Immunisation against infectious disease is a vital public health intervention, which has greatly reduced the burden of communicable disease and made a major contribution to reduced childhood mortality.

The BMA has long highlighted the importance of immunisation for population health, and our members have made the case for extending vaccination programmes to achieve maximum population benefit. Recently this has included support for the introduction of Hepatitis B in the routine childhood immunisation schedule, as well as calls to extend the Human Papillomavirus vaccination programme to boys.

Doctors have expressed concern about declining coverage rates for childhood vaccinations in some areas of the UK, and the potential for this to lead to outbreaks of disease.

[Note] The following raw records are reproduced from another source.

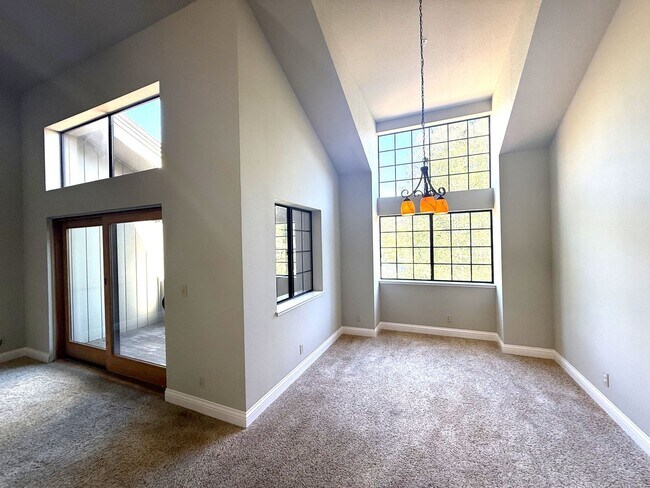 Building Photo - SPACIOUS TWO BEDROOM TWO AND HALF BATH + L...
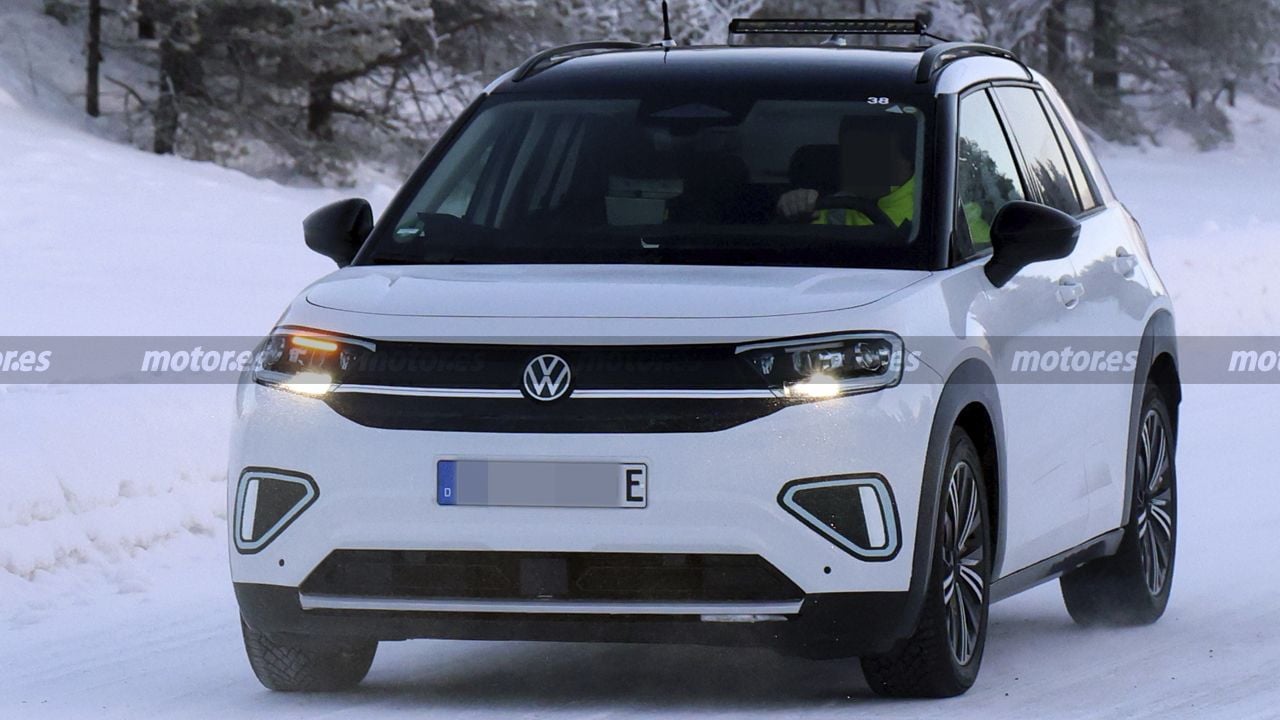 El Volkswagen ID. Cross 2026 se deja ver en las pruebas de invierno, su nuevo SUV eléctrico fabricado en España se acerca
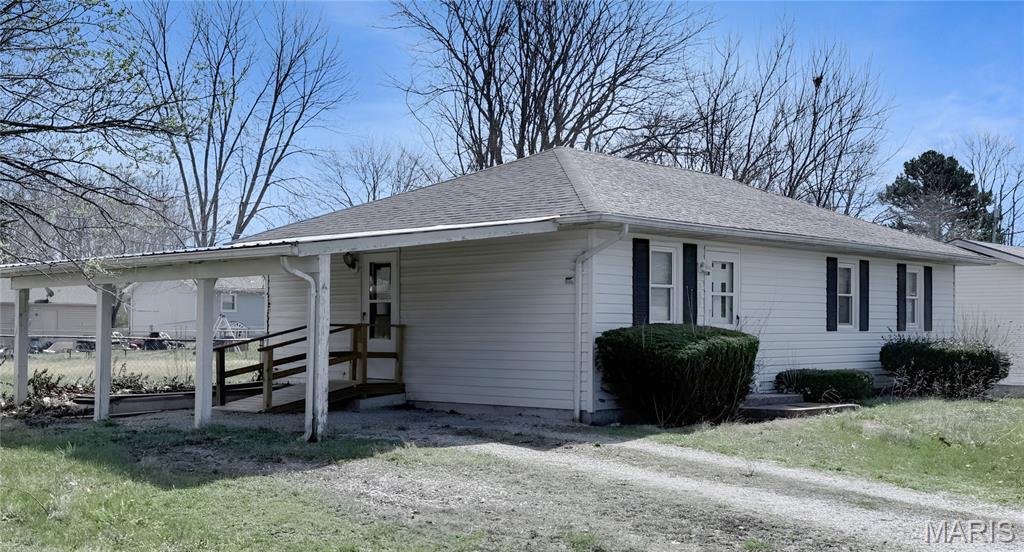 543 Frontier Lane Bourbon, MO 65441 - Photo 4 of 14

In recent years, there have been significant measles outbreaks, associated with lower vaccine coverage rates. This includes:

  • In South Wales in 2013 (affecting 1,200 people and leading to a fatality)
  • Across several parts of England (particularly the North) in 2017
  • Across some European countries between January 2016 and October 2017 (nearly 19,000 measles cases were reported in the EU, including 44 deaths)

There are a range of factors that may influence vaccine coverage rates. The increasing pressure on services delivering vaccination may undermine efforts to achieve high vaccine coverage rates. This may be compounded by cuts to community services and local authority public health functions.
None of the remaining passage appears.